-------- Given data
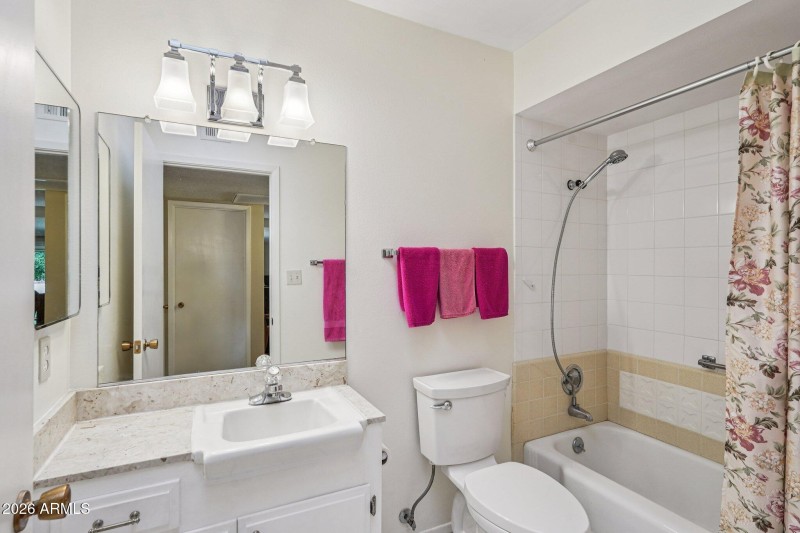 21-web-or-mls-W Clair Dr-S1702-021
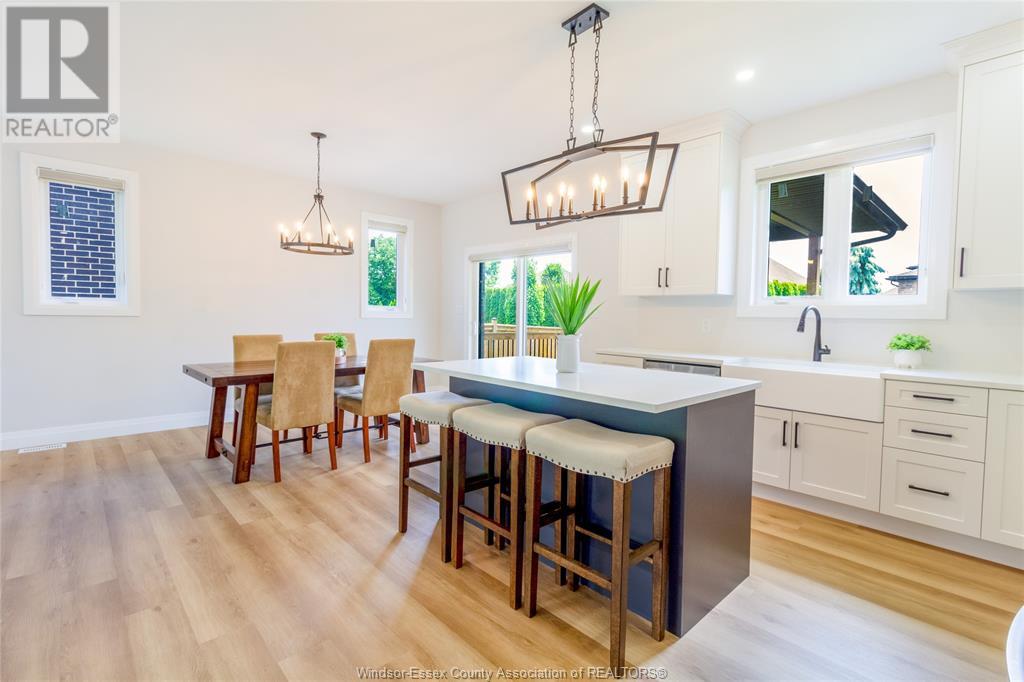 Photo 6 of 237 Sandybrook Way, Kingsville ON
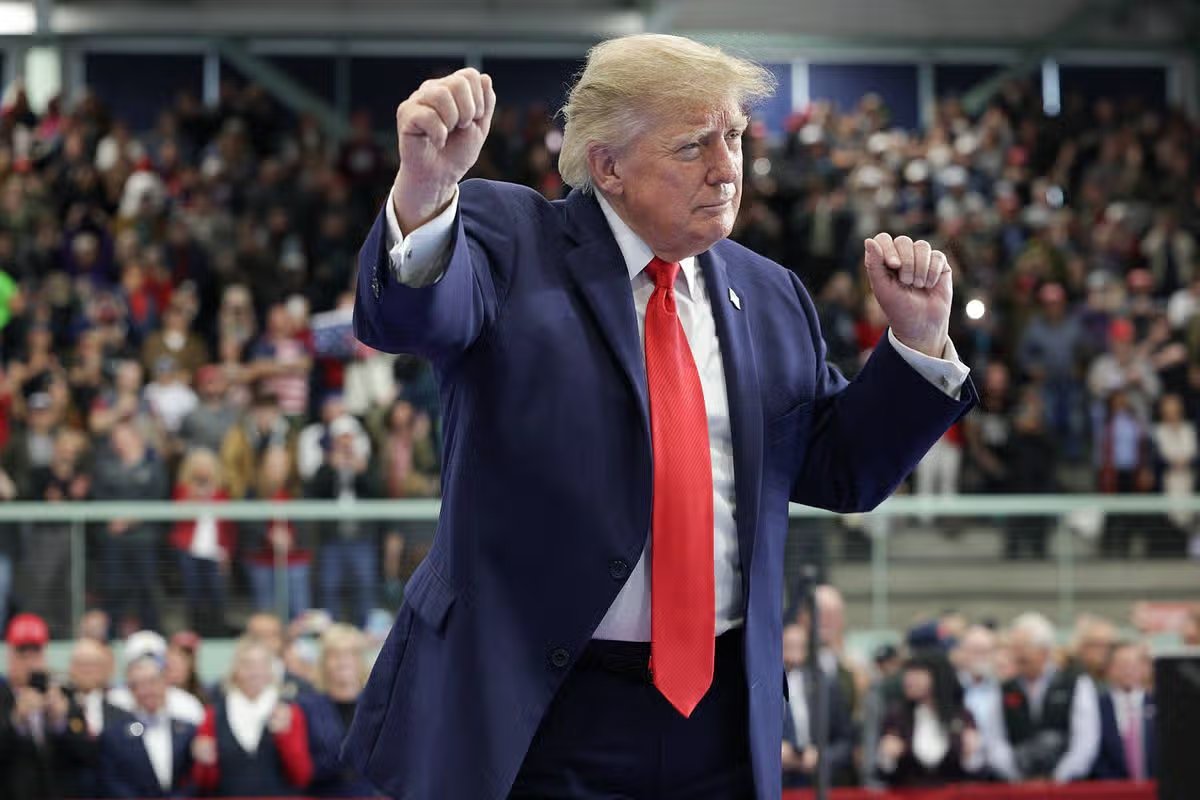 WASHILLA, ALASKA - 13 DE OCTUBRE: El presidente estadounidense Donald Trump se marcha después de hablar durante un mitin de campaña en el Maynard Memorial Sports Center en Wasilla, Alaska, el 13 de octubre de 2026. El presidente Trump está en Alaska haciendo campaña a favor de candidatos republicanos antes de las elecciones de mitad de período. (Foto de Alex Huang/Getty Images)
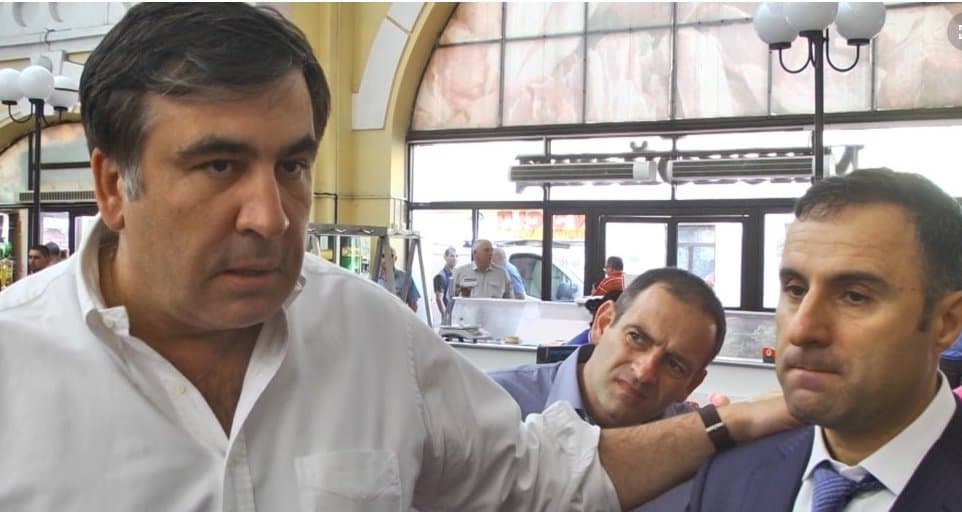 მიხეილ სააკაშვილი – პირდაპირ რუსულ დაკვეთად მიმაჩნია და სრულ ლუსტრაციას ახდენს ივანიშვილის კლეპტოკრატიული მმართველობის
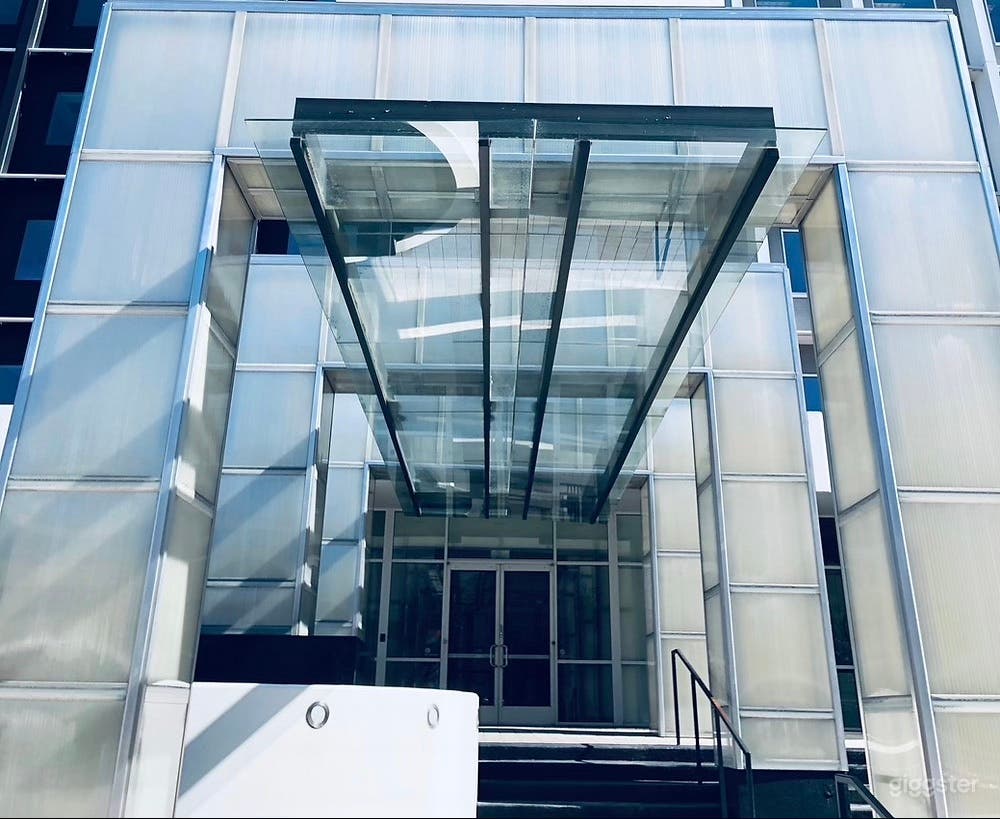 Content Creator Room with Green Screen Photo 4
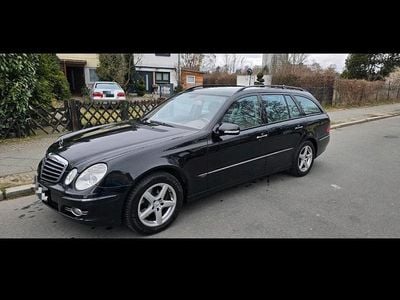 Mercedes E320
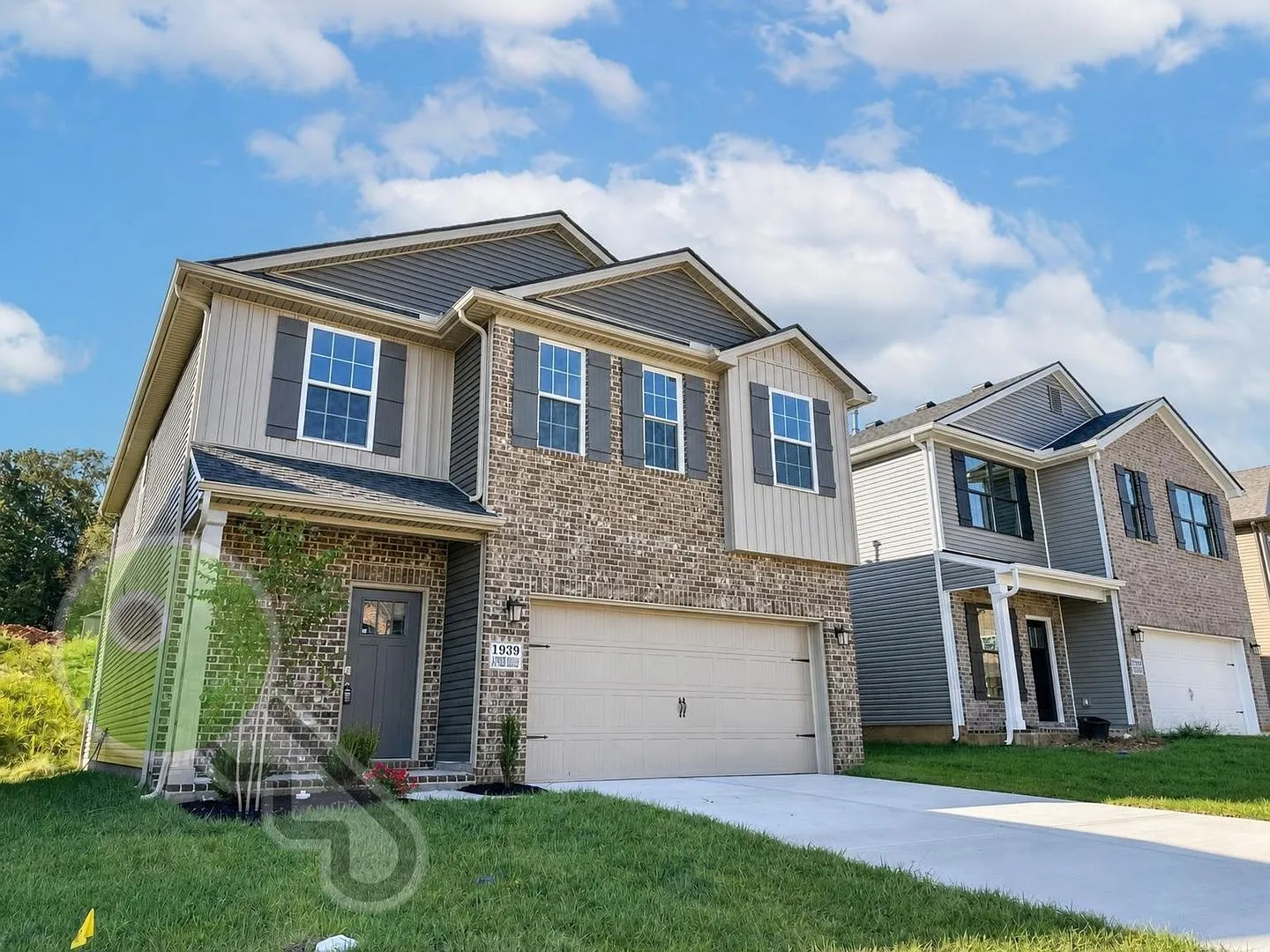 Brand new 4 bed, 2.5 bath home w/ fenced backyard available now! — Photo 3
----------------
- What is needed
Retype, please, exactly the lines that begin with the one containing "Content Creator Room" and end at the last line of the entries above, both included, leaving out pictures.

- Answer area
 Content Creator Room with Green Screen Photo 4
 Mercedes E320
 Brand new 4 bed, 2.5 bath home w/ fenced backyard available now! — Photo 3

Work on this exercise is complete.